Your task: Return only the lines from the top of the material through the line marked by "Sharpie S-Gel Gel", unaltered.

Entries provided:
+++++
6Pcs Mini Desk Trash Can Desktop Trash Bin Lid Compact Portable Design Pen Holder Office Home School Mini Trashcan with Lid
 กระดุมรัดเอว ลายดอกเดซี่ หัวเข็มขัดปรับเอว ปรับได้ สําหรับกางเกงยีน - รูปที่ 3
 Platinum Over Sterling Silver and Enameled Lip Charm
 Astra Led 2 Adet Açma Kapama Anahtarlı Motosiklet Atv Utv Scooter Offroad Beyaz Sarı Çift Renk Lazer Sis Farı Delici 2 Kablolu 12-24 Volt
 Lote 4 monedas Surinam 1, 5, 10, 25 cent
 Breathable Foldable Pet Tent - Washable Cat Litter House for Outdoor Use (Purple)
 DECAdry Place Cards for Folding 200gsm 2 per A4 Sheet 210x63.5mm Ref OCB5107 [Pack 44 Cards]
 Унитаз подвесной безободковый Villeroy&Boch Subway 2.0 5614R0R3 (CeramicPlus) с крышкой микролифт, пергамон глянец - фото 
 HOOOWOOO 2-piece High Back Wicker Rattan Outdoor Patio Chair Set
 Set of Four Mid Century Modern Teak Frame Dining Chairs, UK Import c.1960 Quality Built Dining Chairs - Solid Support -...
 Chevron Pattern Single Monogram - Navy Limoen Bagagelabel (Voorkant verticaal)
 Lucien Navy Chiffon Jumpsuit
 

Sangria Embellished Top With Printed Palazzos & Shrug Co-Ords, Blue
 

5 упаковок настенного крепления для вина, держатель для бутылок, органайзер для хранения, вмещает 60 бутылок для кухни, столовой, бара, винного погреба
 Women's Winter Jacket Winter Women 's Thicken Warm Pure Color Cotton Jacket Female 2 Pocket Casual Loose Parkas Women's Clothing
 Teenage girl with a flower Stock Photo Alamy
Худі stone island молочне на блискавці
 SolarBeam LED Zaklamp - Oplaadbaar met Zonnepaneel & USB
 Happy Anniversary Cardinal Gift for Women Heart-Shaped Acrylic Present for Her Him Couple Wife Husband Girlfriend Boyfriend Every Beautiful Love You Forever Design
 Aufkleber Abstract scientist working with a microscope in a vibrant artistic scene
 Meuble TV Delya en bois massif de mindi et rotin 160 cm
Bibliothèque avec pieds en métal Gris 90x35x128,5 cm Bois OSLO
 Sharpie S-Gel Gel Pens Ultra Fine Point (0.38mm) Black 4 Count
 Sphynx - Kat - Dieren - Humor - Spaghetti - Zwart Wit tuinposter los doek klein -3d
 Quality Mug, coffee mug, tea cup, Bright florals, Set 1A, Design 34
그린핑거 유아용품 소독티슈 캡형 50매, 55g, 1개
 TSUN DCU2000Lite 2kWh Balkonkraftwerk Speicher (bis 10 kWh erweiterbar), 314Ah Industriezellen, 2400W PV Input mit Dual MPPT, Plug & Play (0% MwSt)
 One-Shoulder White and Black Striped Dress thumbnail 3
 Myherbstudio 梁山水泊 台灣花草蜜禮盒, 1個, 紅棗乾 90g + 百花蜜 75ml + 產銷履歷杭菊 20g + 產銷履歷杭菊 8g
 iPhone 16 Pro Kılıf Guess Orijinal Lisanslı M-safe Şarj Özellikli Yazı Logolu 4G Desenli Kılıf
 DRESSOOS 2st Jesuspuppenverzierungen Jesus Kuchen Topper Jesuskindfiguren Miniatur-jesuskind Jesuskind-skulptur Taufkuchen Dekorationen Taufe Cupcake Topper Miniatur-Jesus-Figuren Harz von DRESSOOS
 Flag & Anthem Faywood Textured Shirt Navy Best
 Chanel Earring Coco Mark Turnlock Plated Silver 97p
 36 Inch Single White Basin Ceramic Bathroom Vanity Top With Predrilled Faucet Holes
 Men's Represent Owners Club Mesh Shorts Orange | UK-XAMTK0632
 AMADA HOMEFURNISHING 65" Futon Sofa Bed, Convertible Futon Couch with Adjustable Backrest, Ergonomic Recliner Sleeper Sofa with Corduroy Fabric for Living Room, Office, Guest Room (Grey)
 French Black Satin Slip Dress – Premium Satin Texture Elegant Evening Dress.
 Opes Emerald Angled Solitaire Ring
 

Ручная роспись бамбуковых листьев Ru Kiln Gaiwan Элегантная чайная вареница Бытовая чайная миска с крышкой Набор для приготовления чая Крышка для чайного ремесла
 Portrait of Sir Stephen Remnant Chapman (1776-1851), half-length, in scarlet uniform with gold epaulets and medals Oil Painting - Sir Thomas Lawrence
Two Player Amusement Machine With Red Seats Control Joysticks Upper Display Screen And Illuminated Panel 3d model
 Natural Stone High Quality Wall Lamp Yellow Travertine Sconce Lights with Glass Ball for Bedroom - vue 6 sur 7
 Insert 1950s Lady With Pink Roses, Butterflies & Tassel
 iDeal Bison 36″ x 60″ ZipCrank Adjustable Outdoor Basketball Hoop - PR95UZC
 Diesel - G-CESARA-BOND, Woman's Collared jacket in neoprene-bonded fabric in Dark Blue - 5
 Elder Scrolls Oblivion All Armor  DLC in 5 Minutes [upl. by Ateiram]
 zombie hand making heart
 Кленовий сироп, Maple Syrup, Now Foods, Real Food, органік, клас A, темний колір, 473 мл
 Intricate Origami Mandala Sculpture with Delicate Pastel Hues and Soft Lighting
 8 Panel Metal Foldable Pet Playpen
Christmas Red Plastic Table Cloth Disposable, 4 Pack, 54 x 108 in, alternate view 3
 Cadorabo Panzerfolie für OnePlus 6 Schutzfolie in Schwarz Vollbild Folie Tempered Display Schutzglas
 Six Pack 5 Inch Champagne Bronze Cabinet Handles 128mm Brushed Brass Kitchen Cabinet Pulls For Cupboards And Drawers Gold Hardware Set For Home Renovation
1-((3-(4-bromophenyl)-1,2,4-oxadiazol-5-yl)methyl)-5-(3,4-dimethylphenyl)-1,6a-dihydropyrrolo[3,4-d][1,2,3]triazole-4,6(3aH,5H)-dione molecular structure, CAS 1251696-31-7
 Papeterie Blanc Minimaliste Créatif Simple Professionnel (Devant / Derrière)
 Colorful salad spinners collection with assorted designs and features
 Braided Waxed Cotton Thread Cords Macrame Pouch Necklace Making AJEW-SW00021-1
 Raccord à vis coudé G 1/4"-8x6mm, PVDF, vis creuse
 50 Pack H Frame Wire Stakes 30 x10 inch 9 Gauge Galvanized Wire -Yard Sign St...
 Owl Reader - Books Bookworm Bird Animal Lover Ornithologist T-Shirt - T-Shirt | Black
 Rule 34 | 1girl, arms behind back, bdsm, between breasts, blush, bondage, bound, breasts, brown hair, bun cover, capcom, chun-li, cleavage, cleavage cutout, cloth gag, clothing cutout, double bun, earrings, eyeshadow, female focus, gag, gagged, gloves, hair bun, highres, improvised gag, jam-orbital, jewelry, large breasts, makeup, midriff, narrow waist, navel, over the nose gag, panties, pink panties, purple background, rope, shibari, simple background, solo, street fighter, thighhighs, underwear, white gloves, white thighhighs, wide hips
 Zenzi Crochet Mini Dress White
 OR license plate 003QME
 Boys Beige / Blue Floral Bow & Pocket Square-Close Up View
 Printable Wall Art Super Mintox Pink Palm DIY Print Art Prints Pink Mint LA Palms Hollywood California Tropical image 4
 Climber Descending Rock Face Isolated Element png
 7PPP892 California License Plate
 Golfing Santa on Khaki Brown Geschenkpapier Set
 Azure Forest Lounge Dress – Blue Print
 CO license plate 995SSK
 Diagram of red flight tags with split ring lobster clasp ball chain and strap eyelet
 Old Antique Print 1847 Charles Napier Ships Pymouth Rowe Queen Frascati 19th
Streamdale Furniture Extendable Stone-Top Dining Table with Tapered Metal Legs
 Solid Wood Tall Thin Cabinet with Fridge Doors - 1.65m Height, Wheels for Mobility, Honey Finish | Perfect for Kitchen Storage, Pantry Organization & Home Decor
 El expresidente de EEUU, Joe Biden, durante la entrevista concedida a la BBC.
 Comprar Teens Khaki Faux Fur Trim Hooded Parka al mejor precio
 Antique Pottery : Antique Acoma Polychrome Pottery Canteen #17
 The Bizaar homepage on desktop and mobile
+++++
Exercise response:
6Pcs Mini Desk Trash Can Desktop Trash Bin Lid Compact Portable Design Pen Holder Office Home School Mini Trashcan with Lid
 กระดุมรัดเอว ลายดอกเดซี่ หัวเข็มขัดปรับเอว ปรับได้ สําหรับกางเกงยีน - รูปที่ 3
 Platinum Over Sterling Silver and Enameled Lip Charm
 Astra Led 2 Adet Açma Kapama Anahtarlı Motosiklet Atv Utv Scooter Offroad Beyaz Sarı Çift Renk Lazer Sis Farı Delici 2 Kablolu 12-24 Volt
 Lote 4 monedas Surinam 1, 5, 10, 25 cent
 Breathable Foldable Pet Tent - Washable Cat Litter House for Outdoor Use (Purple)
 DECAdry Place Cards for Folding 200gsm 2 per A4 Sheet 210x63.5mm Ref OCB5107 [Pack 44 Cards]
 Унитаз подвесной безободковый Villeroy&Boch Subway 2.0 5614R0R3 (CeramicPlus) с крышкой микролифт, пергамон глянец - фото 
 HOOOWOOO 2-piece High Back Wicker Rattan Outdoor Patio Chair Set
 Set of Four Mid Century Modern Teak Frame Dining Chairs, UK Import c.1960 Quality Built Dining Chairs - Solid Support -...
 Chevron Pattern Single Monogram - Navy Limoen Bagagelabel (Voorkant verticaal)
 Lucien Navy Chiffon Jumpsuit
 

Sangria Embellished Top With Printed Palazzos & Shrug Co-Ords, Blue
 

5 упаковок настенного крепления для вина, держатель для бутылок, органайзер для хранения, вмещает 60 бутылок для кухни, столовой, бара, винного погреба
 Women's Winter Jacket Winter Women 's Thicken Warm Pure Color Cotton Jacket Female 2 Pocket Casual Loose Parkas Women's Clothing
 Teenage girl with a flower Stock Photo Alamy
Худі stone island молочне на блискавці
 SolarBeam LED Zaklamp - Oplaadbaar met Zonnepaneel & USB
 Happy Anniversary Cardinal Gift for Women Heart-Shaped Acrylic Present for Her Him Couple Wife Husband Girlfriend Boyfriend Every Beautiful Love You Forever Design
 Aufkleber Abstract scientist working with a microscope in a vibrant artistic scene
 Meuble TV Delya en bois massif de mindi et rotin 160 cm
Bibliothèque avec pieds en métal Gris 90x35x128,5 cm Bois OSLO
 Sharpie S-Gel Gel Pens Ultra Fine Point (0.38mm) Black 4 Count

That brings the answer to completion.